> [Your assignment]:
Repeat the data as given. Images do not go in the copy.

> [Recorded information]:
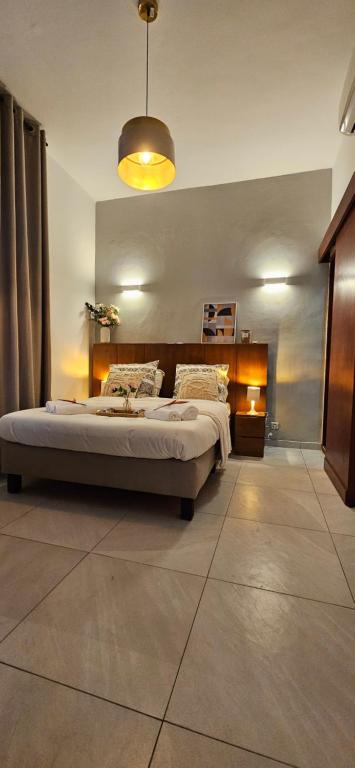 - une chambre avec un grand lit dans l'établissement Chez Nina & Patrick, à Douala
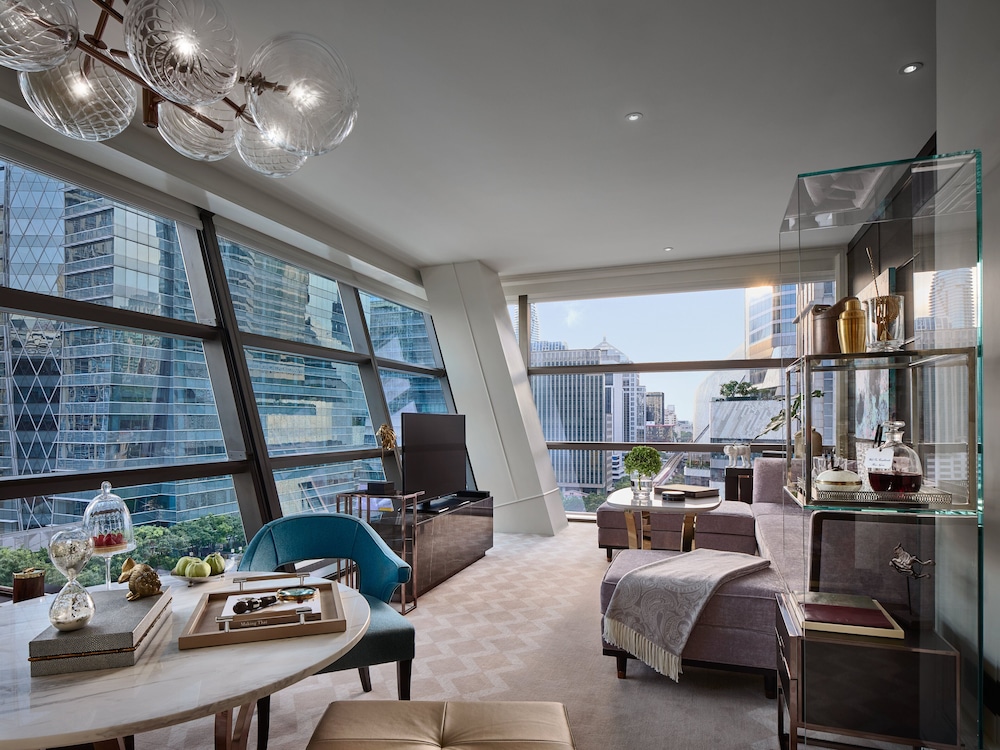 Rosewood Bangkok 71/84
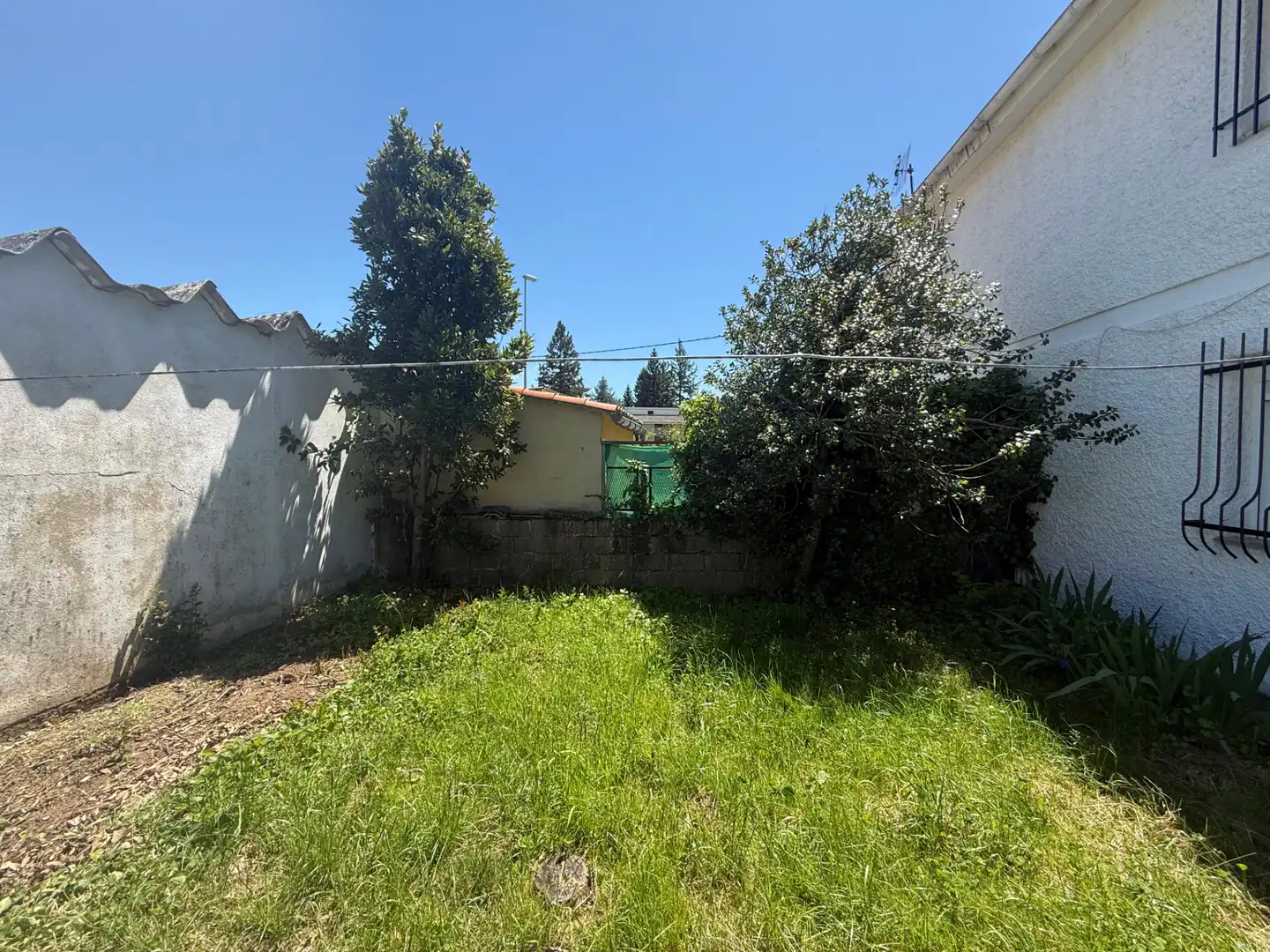 Casa adosada en venta en Boñar con Calefacción, Jardín privado y Parquet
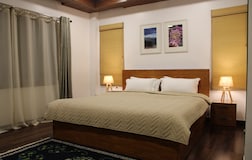 Bedroom 1/ Chrysanthemum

> [Answer to the problem]:
 - une chambre avec un grand lit dans l'établissement Chez Nina & Patrick, à Douala
 Rosewood Bangkok 71/84
 Casa adosada en venta en Boñar con Calefacción, Jardín privado y Parquet
 Bedroom 1/ Chrysanthemum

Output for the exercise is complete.